Process communication of Python's Multiprocess

2020-06-03 07:33发布

问题:

I've learned about Python multiprocess's Pipes/Queues/Shared ctypes Objects/Managers, and I want to compare them with Linux's anonymous pipes, named pipes, shared memory, socket, and so on. I now have the following questions

  • The pipes and queue modules of Python's multiprocessing are based on anonymous pipes. Does it provide named pipes?

  • Does Python multiprocessing.sharedctypes support independent process communication?
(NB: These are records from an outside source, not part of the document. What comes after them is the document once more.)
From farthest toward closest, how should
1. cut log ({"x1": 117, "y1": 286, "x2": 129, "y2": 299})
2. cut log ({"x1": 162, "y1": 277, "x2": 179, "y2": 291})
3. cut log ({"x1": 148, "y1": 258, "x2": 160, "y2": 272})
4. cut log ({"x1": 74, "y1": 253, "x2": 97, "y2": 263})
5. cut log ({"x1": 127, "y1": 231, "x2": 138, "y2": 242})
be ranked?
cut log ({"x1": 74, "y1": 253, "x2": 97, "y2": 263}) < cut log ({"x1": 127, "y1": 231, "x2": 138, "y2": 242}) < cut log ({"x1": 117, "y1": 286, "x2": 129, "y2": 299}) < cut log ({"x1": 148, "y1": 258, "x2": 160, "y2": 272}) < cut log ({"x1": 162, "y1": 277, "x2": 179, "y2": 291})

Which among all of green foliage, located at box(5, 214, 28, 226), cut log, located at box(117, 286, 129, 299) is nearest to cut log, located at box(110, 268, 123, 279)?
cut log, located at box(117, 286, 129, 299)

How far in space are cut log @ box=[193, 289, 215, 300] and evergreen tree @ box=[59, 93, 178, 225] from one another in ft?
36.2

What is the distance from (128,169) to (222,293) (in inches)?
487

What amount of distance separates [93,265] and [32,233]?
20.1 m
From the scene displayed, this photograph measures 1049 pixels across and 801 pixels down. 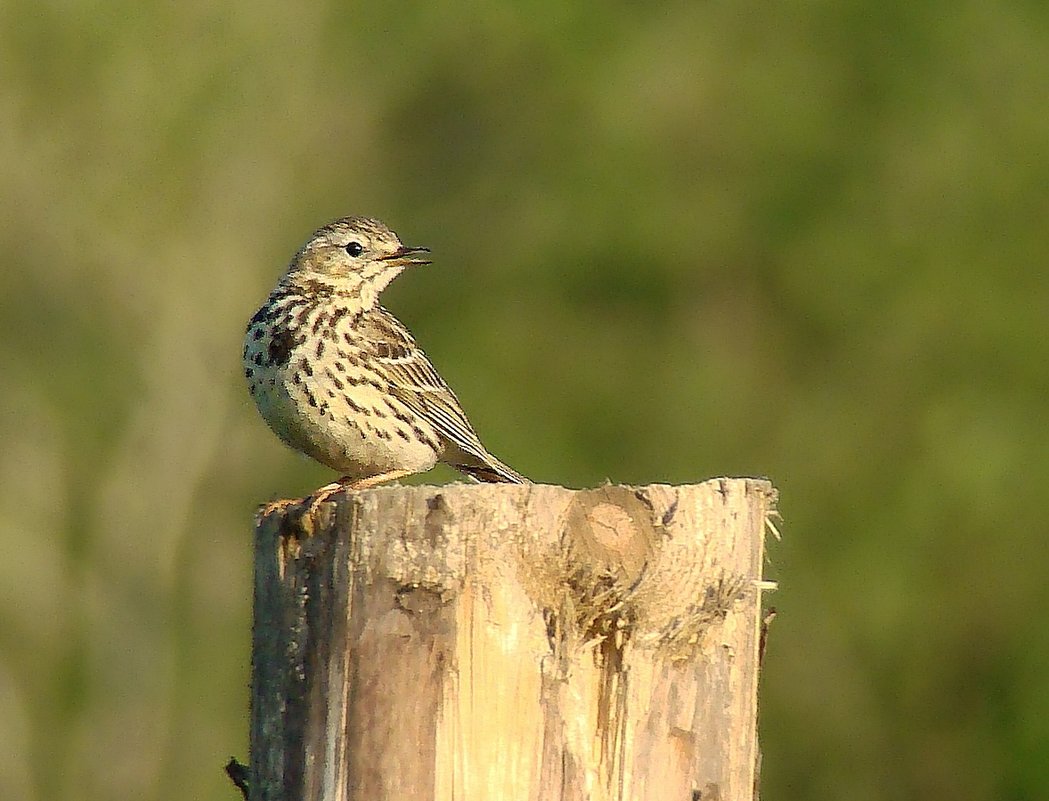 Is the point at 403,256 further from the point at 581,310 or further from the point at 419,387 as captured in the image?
the point at 581,310

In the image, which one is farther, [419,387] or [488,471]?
[488,471]

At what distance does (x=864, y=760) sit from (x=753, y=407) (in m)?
3.95

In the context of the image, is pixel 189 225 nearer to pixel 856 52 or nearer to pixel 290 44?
pixel 290 44

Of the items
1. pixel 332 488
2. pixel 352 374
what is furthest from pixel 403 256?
pixel 332 488

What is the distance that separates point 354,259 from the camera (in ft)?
30.7

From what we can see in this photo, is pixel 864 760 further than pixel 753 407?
No

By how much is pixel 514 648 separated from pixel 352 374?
3850 mm

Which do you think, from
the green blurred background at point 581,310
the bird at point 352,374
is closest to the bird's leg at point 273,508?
the bird at point 352,374

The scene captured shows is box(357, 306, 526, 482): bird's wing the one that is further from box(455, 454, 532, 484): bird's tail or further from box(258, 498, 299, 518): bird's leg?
box(258, 498, 299, 518): bird's leg

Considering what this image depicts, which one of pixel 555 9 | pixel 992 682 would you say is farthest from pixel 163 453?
pixel 992 682

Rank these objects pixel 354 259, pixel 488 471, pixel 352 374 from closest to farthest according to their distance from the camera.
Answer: pixel 352 374
pixel 488 471
pixel 354 259

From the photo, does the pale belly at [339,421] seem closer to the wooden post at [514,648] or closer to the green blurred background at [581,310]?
the wooden post at [514,648]

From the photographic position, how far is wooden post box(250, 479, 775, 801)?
489 centimetres

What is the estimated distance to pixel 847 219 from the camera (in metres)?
21.9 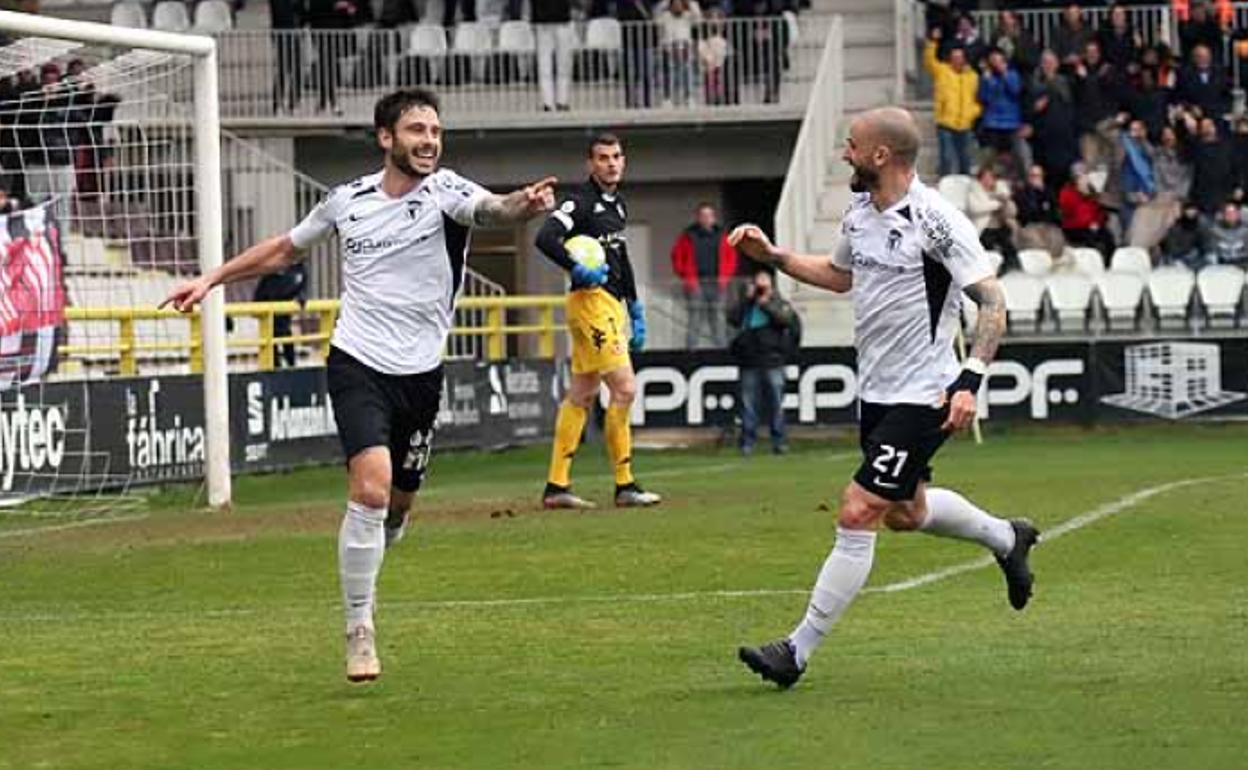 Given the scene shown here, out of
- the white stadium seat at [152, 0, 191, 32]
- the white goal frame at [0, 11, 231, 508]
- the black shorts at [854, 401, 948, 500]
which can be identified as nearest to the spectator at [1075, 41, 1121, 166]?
the white stadium seat at [152, 0, 191, 32]

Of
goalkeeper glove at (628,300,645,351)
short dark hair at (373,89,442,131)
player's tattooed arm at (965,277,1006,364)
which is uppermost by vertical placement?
short dark hair at (373,89,442,131)

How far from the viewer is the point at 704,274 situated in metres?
35.9

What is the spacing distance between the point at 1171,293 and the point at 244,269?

I think it only supports father and child process or brotherly process communication.

  • Which of them are only used in the process of paternity or brotherhood, which can be communicated between independent processes or different hosts?

  • What are their respective characteristics, how should I choose them?

Thanks in advance.

回答1:

Your question is quite broad and most of the answers can be found in the multiprocessing module documentation.

Here follows a somewhat short answer.

  1. The multiprocessing Listeners and Clients allow to choose named pipes as transport medium.
  2. From the documentation:

    The multiprocessing.sharedctypes module provides functions for allocating ctypes objects from shared memory which can be inherited by child processes.

    You cannot use multiprocessing.sharedctypes functionalities across processes which don't have parent/child relationship.

  3. Managers and Listeners and Clients work across processes on different hosts or which do not have parent/child relationship. The AF_INET socket family can be used across different hosts. Nevertheless I'd recommend against it. Rather use network sockets or some other abstraction mechanism.
  4. Differences and characteristics are well illustrated in the documentation.

Python multiprocessing module was initially implemented over the threading APIs. By the time, it grew in features it supports but the core idea remains the same. The multiprocessing module is intended to deal with Python process families. For any other use, the subprocess module is a better option.

For distribution of tasks and jobs across multiple hosts, there are far better solutions abstracting the low level infrastructure. You can take a look at Python projects such as Celery or Luigi or more complex infrastructures such as Apache Mesos.